1967 – “She Is Beautiful” Demo Sessions (w/ Genesis)
A very young Genesis (unnamed at the time) made up of Peter Gabriel, Ant Phillips, Mike Rutherford, Chris Stewart, and Tony Banks recorded their first demos in 1967 and managed to get them to local hero Jonathan King, who is blown away by the amount of soul in the young Gabriel’s voice. “She Is Beautiful” is a jazzy number and finds a band unsure of itself… but there is still that unmistakable ring of Genesis to it. The quality of Gabriel’s voice is absolutely incredible even in these early recordings.
1968 – “Image Blown Out” Demo Sessions (w/ Genesis)
The next batch of demos were recorded after King named the band Genesis, thinking that they would represent the beginning of his production career. “Image Blown Out” has that distinct English folksy sound that would become a staple of the band’s early career. While there is still very little of the bombast and impossibly fantastic Genesis style in the tune, one can clearly hear that the band become more comfortable with their direction on this one. The combination of quintessential English imagery and dark lyrical undertones presented here lay the groundwork for the band’s post-King output.
1969 – “In the Wilderness” From Genesis To Revelation (w/ Genesis)
The band then ousted Stewart (at King’s request) and recorded their first full-length record, From Genesis To Revelation, and released it in 1969. Heavily influenced by Jonathan King’s production, the album has a distinct sixties pop sound to it and is bled out by very loud string arrangements added by King post-recording (much to the band’s chagrin). Even still, there are some real gems on the record. Namely “In the Wilderness,” which is a fine precursor to the band’s next album. The strings actually work here and Gabriel’s voice is simply astounding. New drummer John Silver’s skills shine through and class up the pop arrangement and driving it along quite nicely.

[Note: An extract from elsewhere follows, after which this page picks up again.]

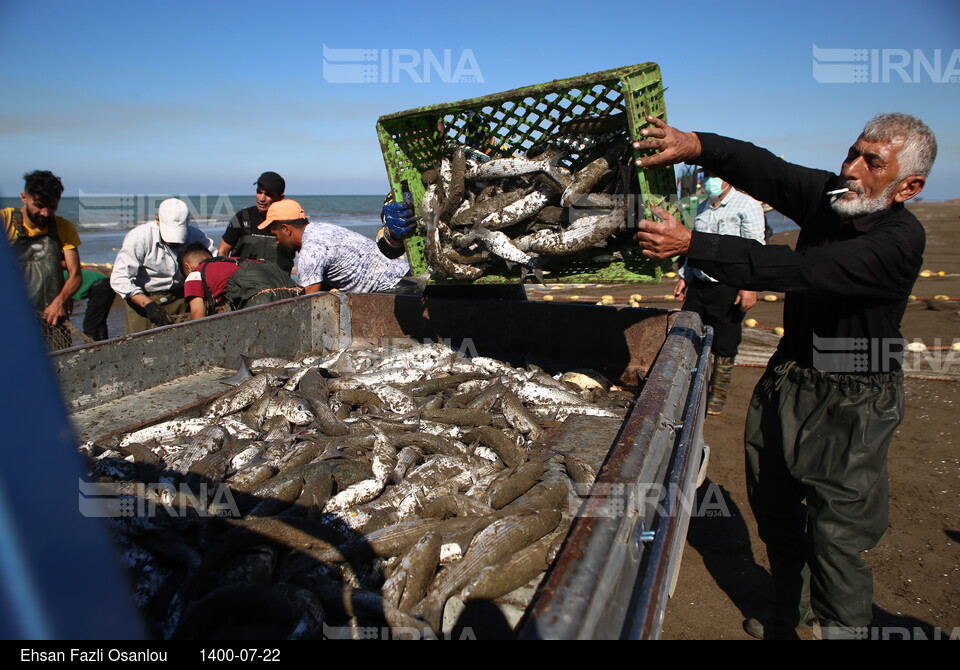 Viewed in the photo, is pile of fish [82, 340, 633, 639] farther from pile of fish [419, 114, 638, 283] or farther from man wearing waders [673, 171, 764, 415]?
man wearing waders [673, 171, 764, 415]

1970 – “Stagnation” Trespass (w/ Genesis)
Breaking free of that shackles of Jonathan King’s pop-oriented production style, Genesis were free to record what they wanted to in the new-found freedom the early seventies offered to its artists. The album Trespass was released and is, believe it or not, my favourite effort from the band. Partly because it is proto-prog and doesn’t yet fit into a mold of what the band or the genre was supposed to be, but mostly because almost all of the songs are flat-out brilliant. The album contains the fan standout “The Knife” (which is hard as f*ck for a band like Genesis), along with other sweet and memorable songs like “Looking for Someone” and Ant’s holdover from From Genesis, “Visions of Angels.” Above all, though, it contains the superb beauty of a song called “Stagnation.” This tune features the band making precious use of unorthodox arrangement… the song unfolds over a few different movements and builds into an incredible vocal performance from Gabriel.
1971 – “The Musical Box” Nursery Cryme (w/ Genesis)
Replacing the recently departed Ant Phillips and ousted John Mayhew with Steve Hackett and Phil Collins respectively, the band recorded and released their third album, Nursery Cryme. Not only is the song “The Musical Box” the first time we hear Hackett’s thrillingly subtle form of guitar solo, its lead vocal is what I would consider to be one of Gabriel’s very best and most dynamic. You can even hear Phil adding his own magic in the background vocal.
1972 – “Watcher of the Skies” Foxtrot (w/ Genesis)
With a growing international cult following, Genesis released Foxtrot, which is notable for many things, not the least of which is its side-length epic “Supper’s Ready,” which many people consider to be the magnum opus of the Gabriel-era band. Making use of one of the three Mellotrons supposedly used to record King Crimson’s seminal album In the Court of the Crimson King, the album opener, “Watcher of the Skies,” is a riveting supernatural wonder possessing a grace and philosophy beyond the band members’ years.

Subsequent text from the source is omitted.